### Aim of the task
In the entries that follow, locate the line with "Dellas Boutique Hotel", then restate that line and all later lines exactly as they appear, leaving pictures out.

Exercise data: Begin

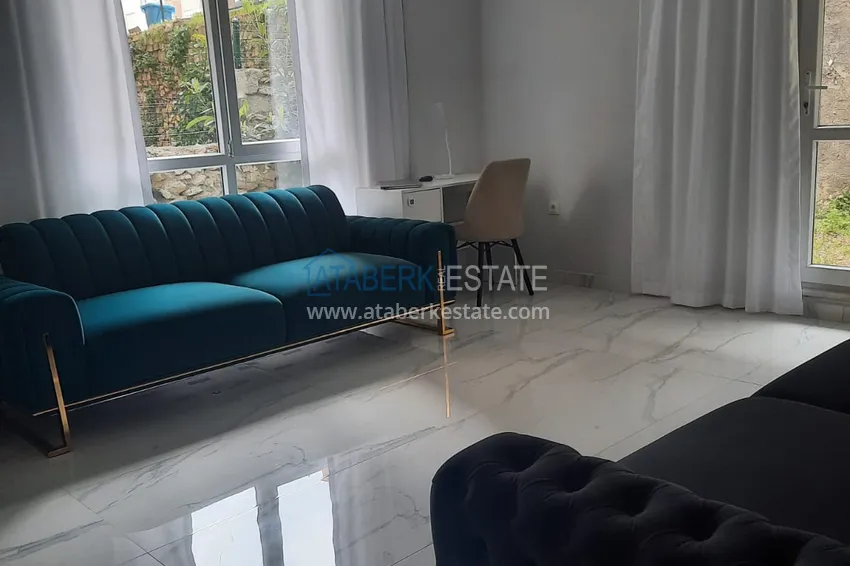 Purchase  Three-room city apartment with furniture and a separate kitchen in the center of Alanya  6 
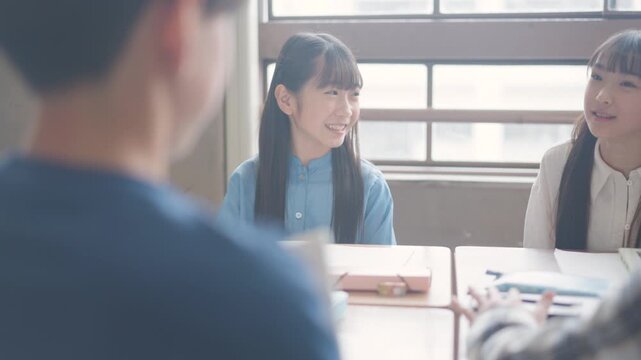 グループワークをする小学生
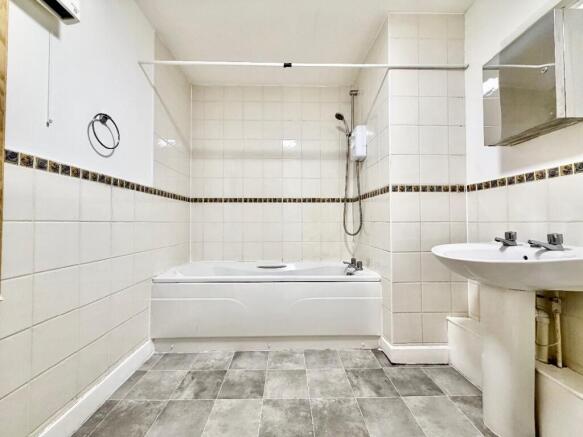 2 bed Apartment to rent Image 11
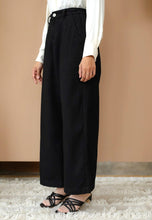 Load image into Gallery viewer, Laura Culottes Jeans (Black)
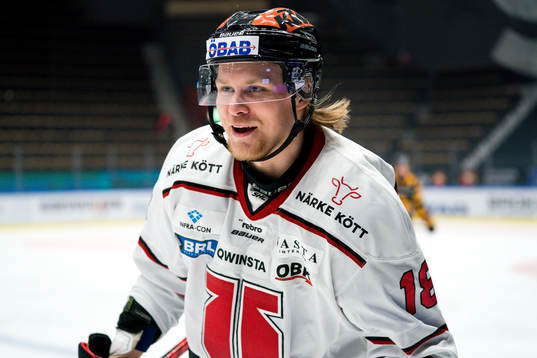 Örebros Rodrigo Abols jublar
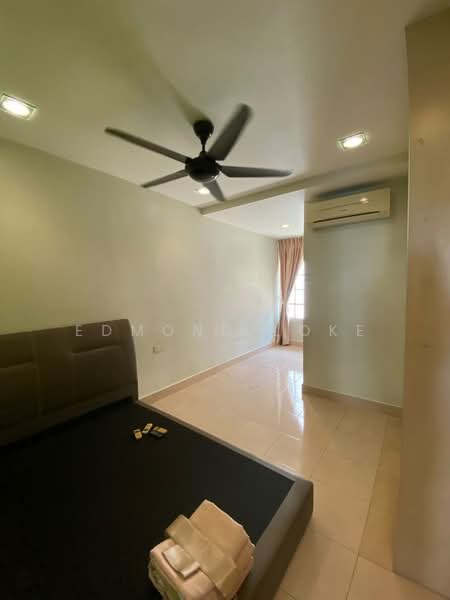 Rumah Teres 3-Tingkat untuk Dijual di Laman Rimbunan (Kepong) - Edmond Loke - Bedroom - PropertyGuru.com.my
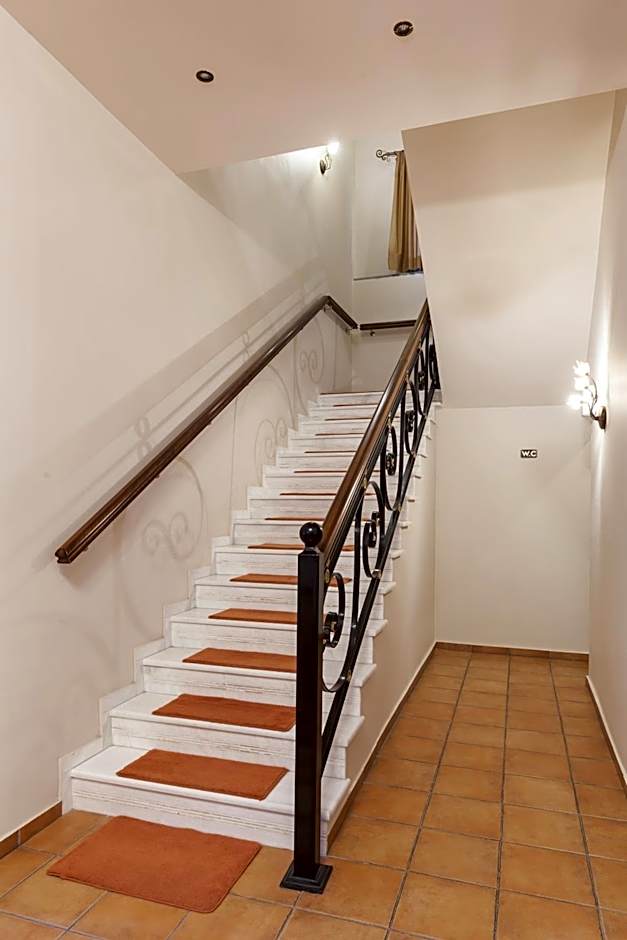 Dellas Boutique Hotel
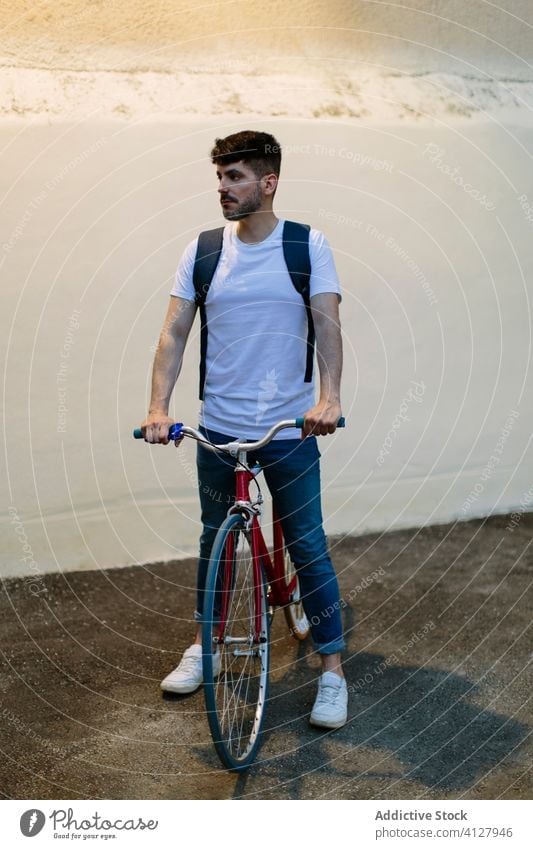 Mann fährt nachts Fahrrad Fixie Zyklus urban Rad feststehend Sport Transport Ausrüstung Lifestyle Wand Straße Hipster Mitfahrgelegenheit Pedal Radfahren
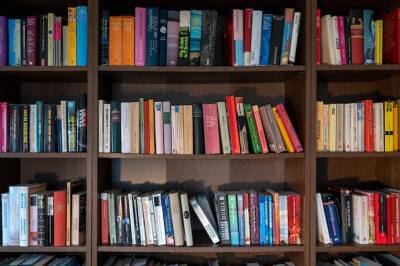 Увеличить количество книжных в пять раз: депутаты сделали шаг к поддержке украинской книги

Exercise data: End

### Written answer
 Dellas Boutique Hotel
 Mann fährt nachts Fahrrad Fixie Zyklus urban Rad feststehend Sport Transport Ausrüstung Lifestyle Wand Straße Hipster Mitfahrgelegenheit Pedal Radfahren
 Увеличить количество книжных в пять раз: депутаты сделали шаг к поддержке украинской книги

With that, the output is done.